Print the records below exactly, from the line containing "Clearance Elizabeth Ceramic" down to the line containing "Mediterranean Coastal Wall", both lines included, and omit every picture.
Recorded information: Begin
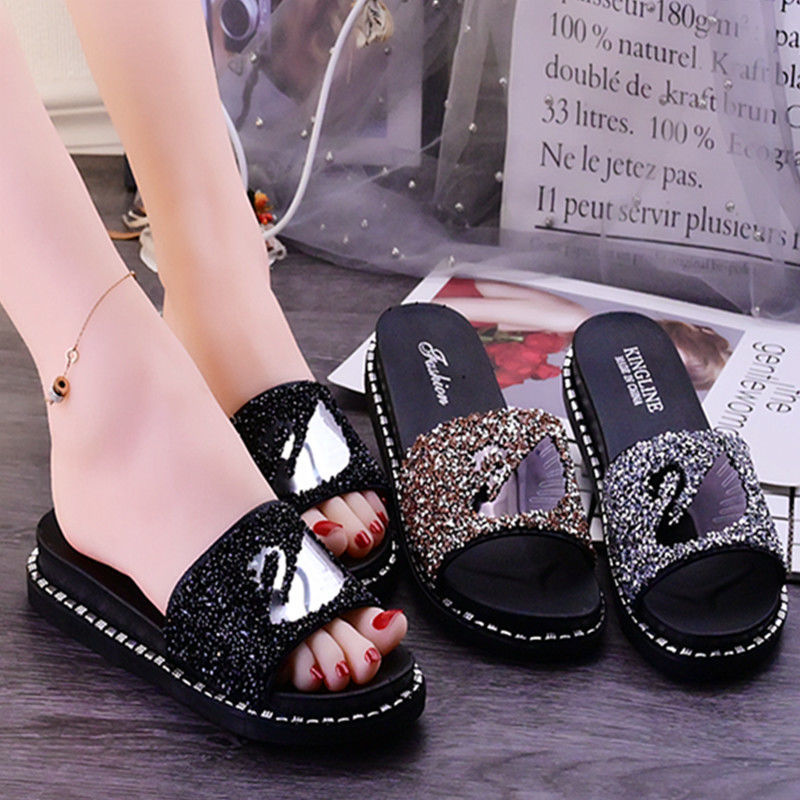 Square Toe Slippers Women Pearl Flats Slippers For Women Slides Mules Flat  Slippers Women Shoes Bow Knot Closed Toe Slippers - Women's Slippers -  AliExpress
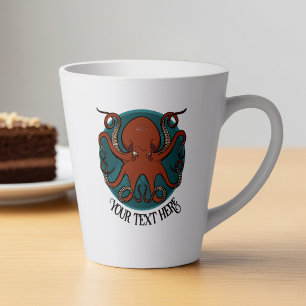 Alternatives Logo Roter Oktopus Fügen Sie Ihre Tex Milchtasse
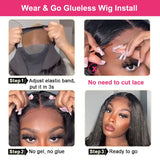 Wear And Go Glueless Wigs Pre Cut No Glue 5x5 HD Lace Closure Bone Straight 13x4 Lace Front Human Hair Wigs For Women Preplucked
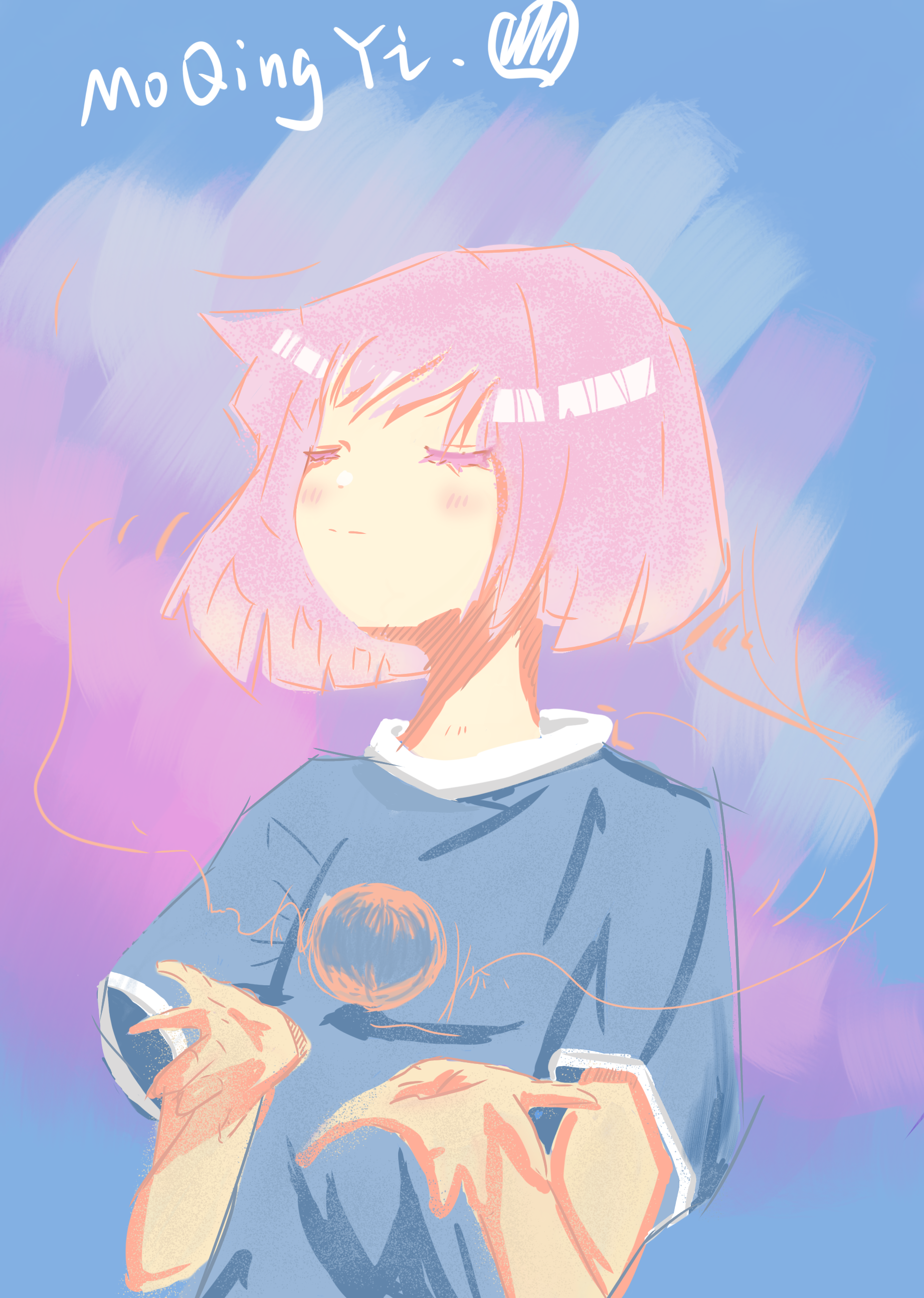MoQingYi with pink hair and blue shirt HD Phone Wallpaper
Recorded information: End
Recorded information: Begin
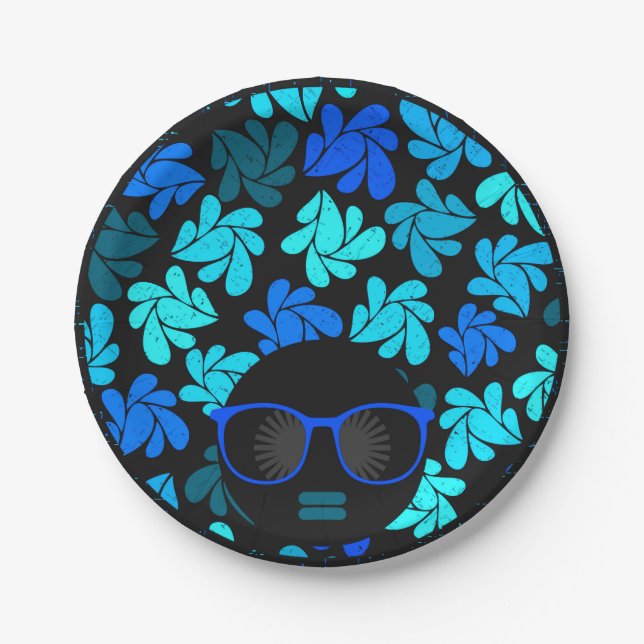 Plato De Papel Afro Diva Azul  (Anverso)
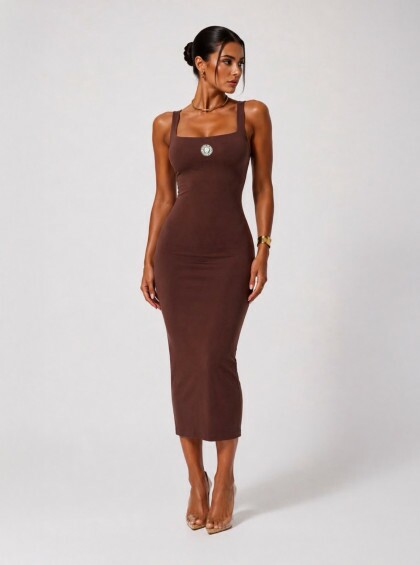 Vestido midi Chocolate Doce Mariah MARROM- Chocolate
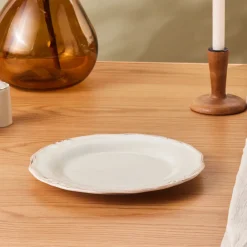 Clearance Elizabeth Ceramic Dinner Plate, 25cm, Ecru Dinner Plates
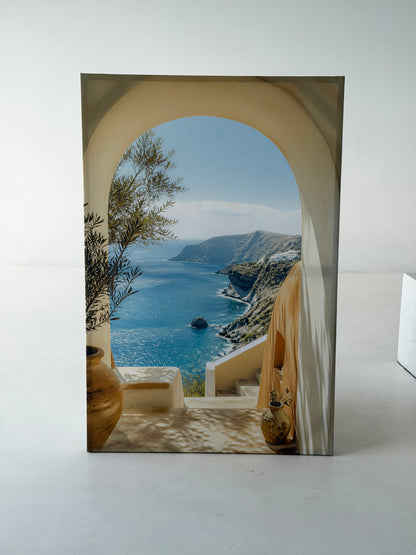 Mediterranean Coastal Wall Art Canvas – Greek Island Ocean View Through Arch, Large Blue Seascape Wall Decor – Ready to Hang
Recorded information: End
Recorded information: Begin
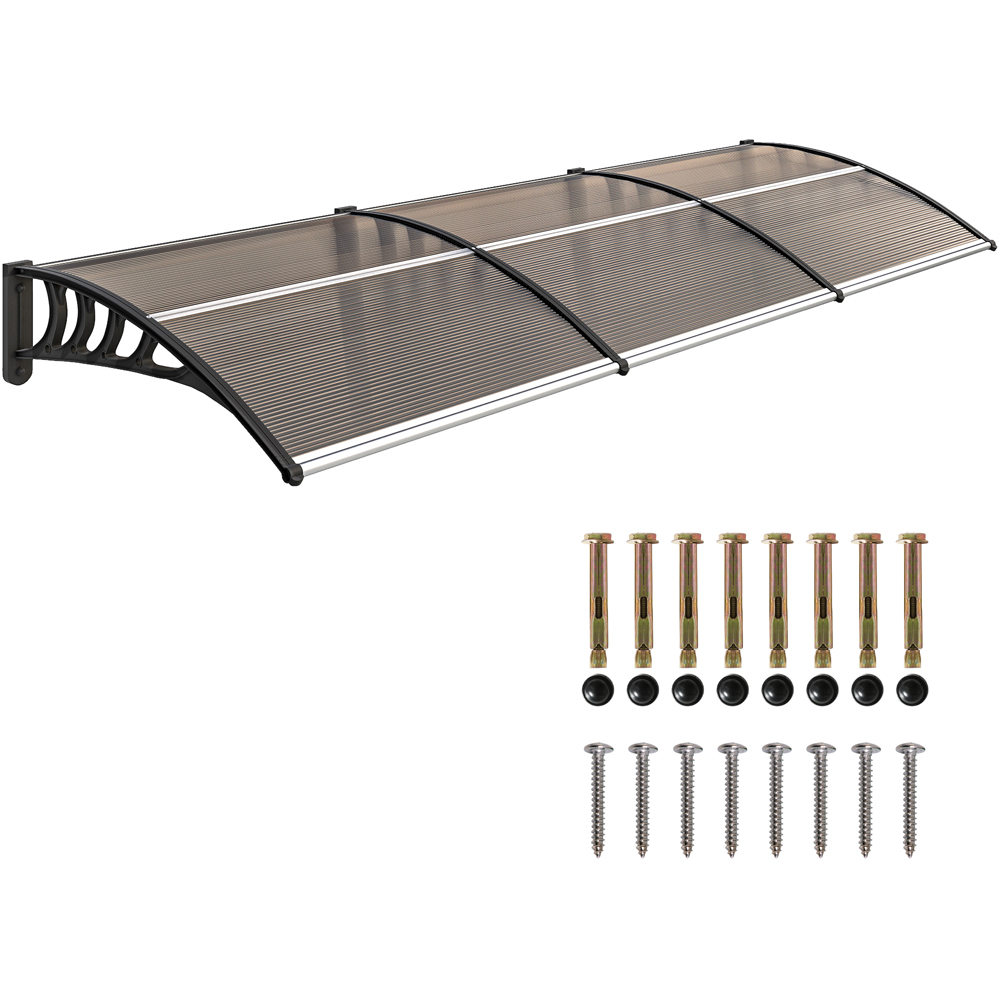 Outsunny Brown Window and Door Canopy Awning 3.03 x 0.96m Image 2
Recorded information: End
Result →
 Clearance Elizabeth Ceramic Dinner Plate, 25cm, Ecru Dinner Plates
 Mediterranean Coastal Wall Art Canvas – Greek Island Ocean View Through Arch, Large Blue Seascape Wall Decor – Ready to Hang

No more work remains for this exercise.